Besides full restorations carried out at the company’s Engineering & Technology facilities in Hiroshima, Mazda will also remanufacture and sell select parts for the roadster like the soft-top folding roof, the Nardi wood steering wheel and shift knob, and the correct Bridgestone tires (full updated list available here, in Japanese). But before they add more pieces to the growing catalog of parts support for their venerable little sports car, they began work on the first one to receive the complete restoration treatment. Mazda stresses that the process will continue to evolve, but the first customer already seems more than pleased with the work.
Mr. Nishimoto was selected from the first batch of applicants to have his 1992 Miata (a V-Special edition in British Racing Green with tan leather) restored back to factory standards. Mazda says the work carried out in the restoration will be catered to the desires of the customer, so presumably this opens to the door to performance options down the line, though in Mr. Nishimoto’s case he’d bought the Miata as a new car some 26 years ago and preferred to have it returned to the way it was; after its restoration, it’s now back to its original condition and specification.

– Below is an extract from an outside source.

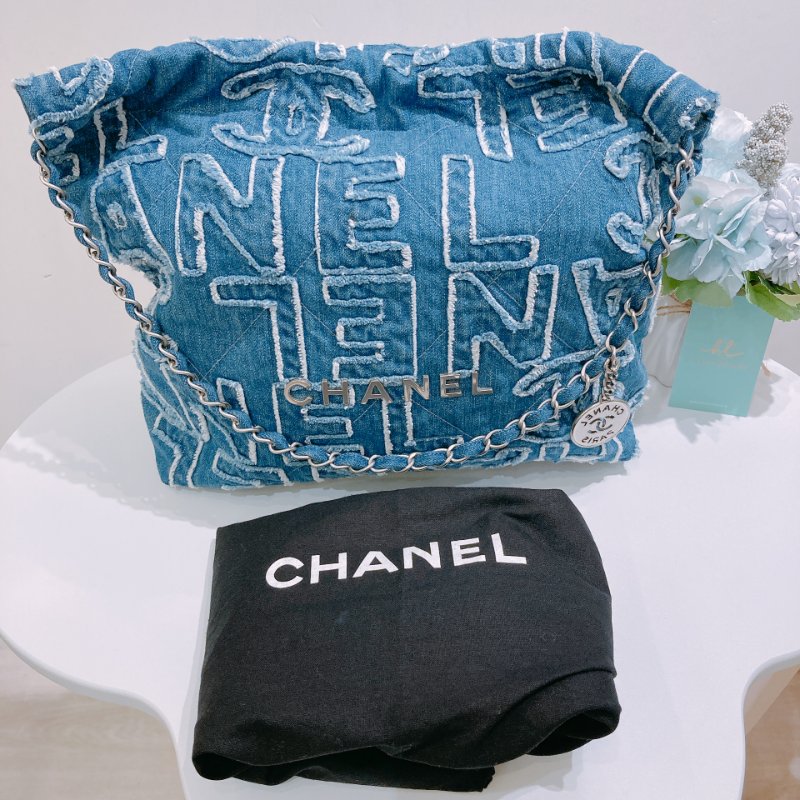 TW4859 Chanel 香奈兒22系列小號單肩包包 22 Tote Bag Small Denim Blue x PHW-10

If it seems like an expensive and time-consuming ordeal to have a plasticky ‘90s roadster sent off to the factory for an overhaul, remember that they are only getting more popular and harder to find in unmolested condition. Mazda says that of the roughly 120,000 NA Miatas sold in Japan, only about 23,000 remain. Where they came up with this number I do not know, but considering how many of these cars have been raced and chopped apart to within an inch of their lives it’s not hard to believe such a reduction.
There are no stated plans right now to expand the restoration program to places like Europe and the US right now, but considering the near-universal appeal of the first Miata there’s a chance that enough demand from abroad could change the equation. For now though, if you want a factory-restored Miata you’ll have visit the source.